December, I realized I was becoming like a deer in headlights, needing a retreat from everything book related. I closed up the laptop, walked away from being ‘Yvette Carol, author,’ and took a deep breath of the air outside. It’s been fantastic, weeding the garden, swimming regularly with my kids and family, going on picnics, taking scenic walks, attending lunches and parties. I’ve been reading, and I’ve watched movies and my favourite cooking shows on TV. Not being a writer for a while it has been heaven.

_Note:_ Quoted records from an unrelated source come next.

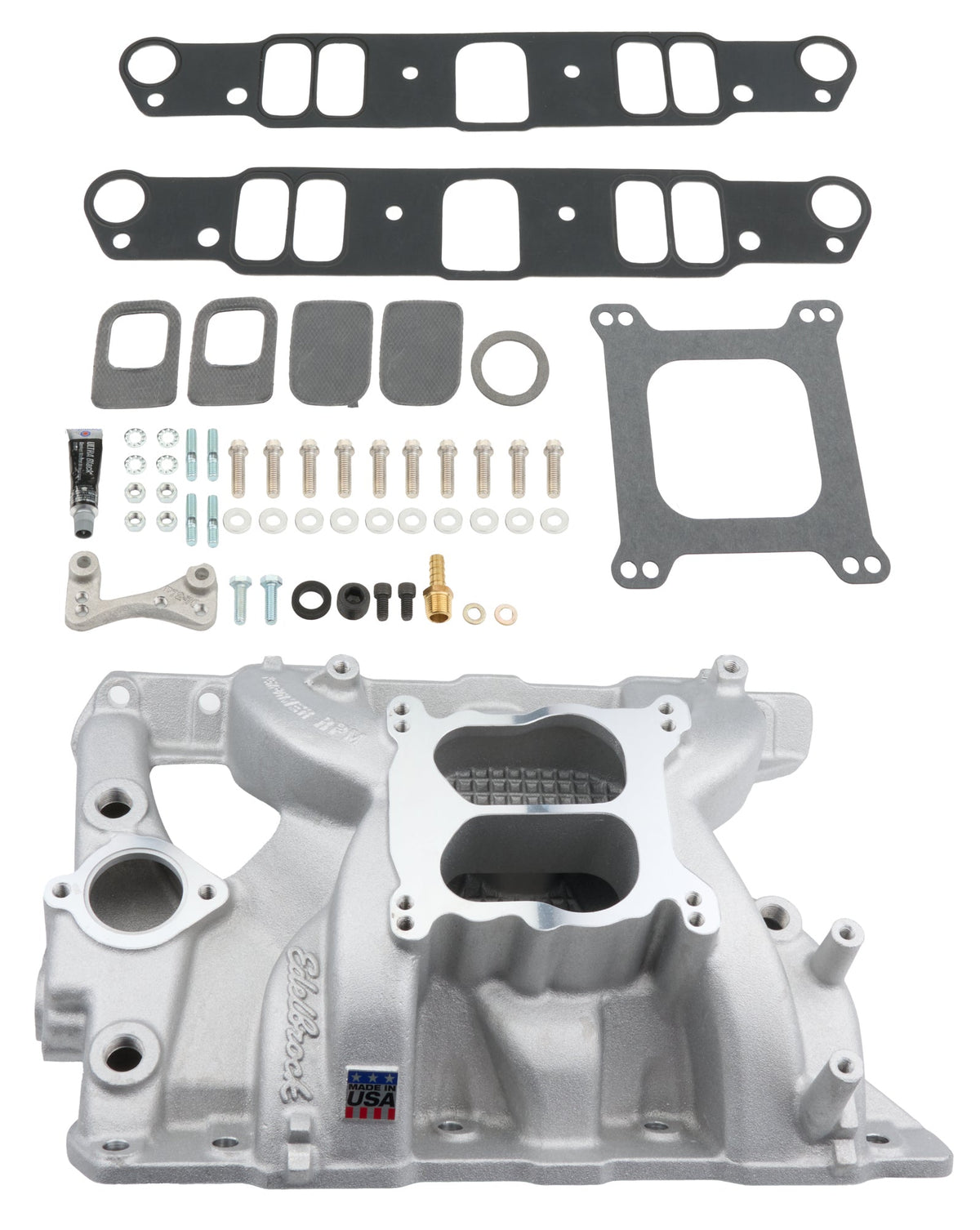 Performer RPM Intake Manifold - 7156KIT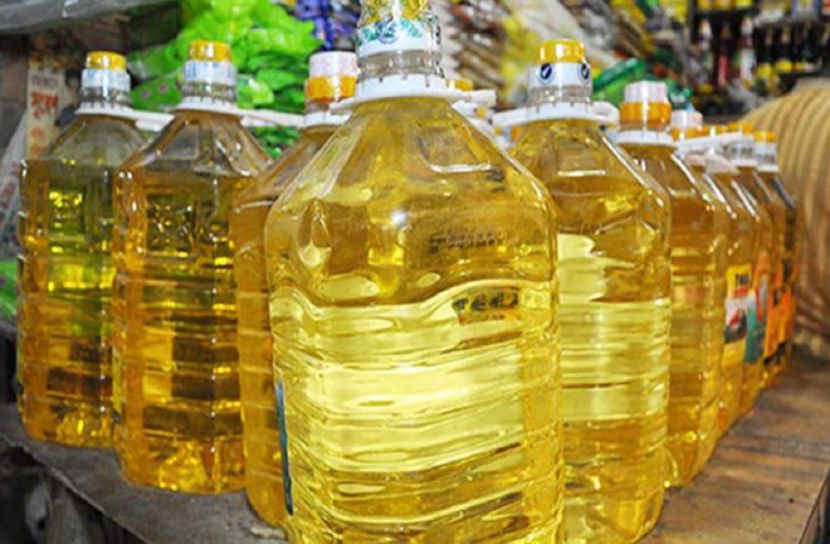 তেল কারসাজি করায় ৫ প্রতিষ্ঠানকে জরিমানা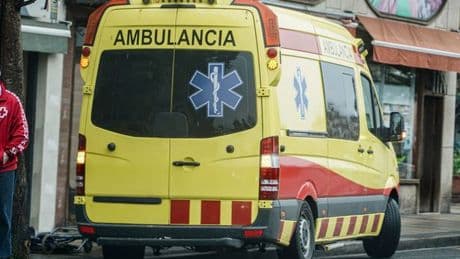 Boy, 4, dies in Tenerife hotel swimming pool tragedy after being pulled from the water unresponsive
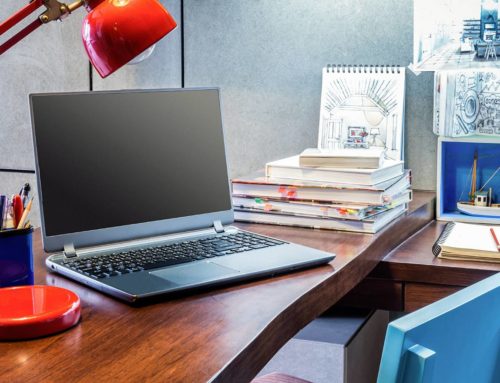 How small business owners can deduct their home office from their taxes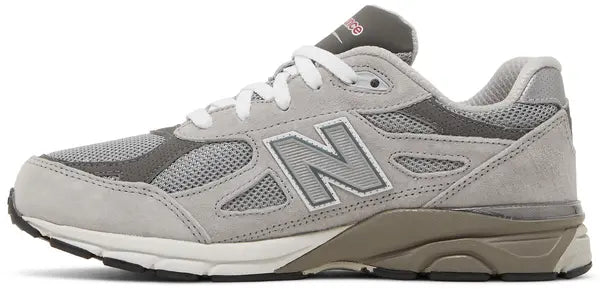 New Balance 990v3 Grey (GS)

Last week, a good friend invited us to stay with her at her beach house. So my two youngest boys and I could travel out of town for a few days of sun, sea and surf. Beach walks, picnics, swimming twice a day, barbecue dinners, games in the evening, long conversations. It was as good as it sounds. It was just what the doctor ordered, and we returned to the city refreshed.

However, I still didn’t feel ready to start back at work. I looked at my computer and the stack of “to do” jobs and sighed. No. Not yet. I was not ready to don the author hat again. I hadn’t recovered enough or rested enough. There was still some tension left in the way my shoulders seemed to squeeze tight. No matter how often I reminded myself to relax them, I found my shoulders up around my ears. The drowsy contentment of summer is a necessary tonic for the system to reboot.

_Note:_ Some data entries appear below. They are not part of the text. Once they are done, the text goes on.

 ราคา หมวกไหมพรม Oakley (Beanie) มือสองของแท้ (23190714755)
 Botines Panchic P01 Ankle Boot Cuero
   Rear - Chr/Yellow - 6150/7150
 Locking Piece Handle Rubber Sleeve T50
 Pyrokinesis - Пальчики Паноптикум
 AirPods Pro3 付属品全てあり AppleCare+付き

It’s vital not to fall out of love with being a writer. Therefore, I decided to continue to rest until the boys go back to school Feb 3rd. Then I can crank up the marketing machine, get more distribution channels sorted and attend to all that needs doing to release my stories, and perhaps even write again.

But in the meantime, there are twelve more days of summer fun ahead. Recently Alex J. Cavanaugh, IWSG Leader and Ninja, wrote, Remember that moment when writing was a joy and we were excited and ready to take on the world. That’s exactly what I want to do, to ‘remember that moment when writing was a joy,’ as I try to relocate my mojo.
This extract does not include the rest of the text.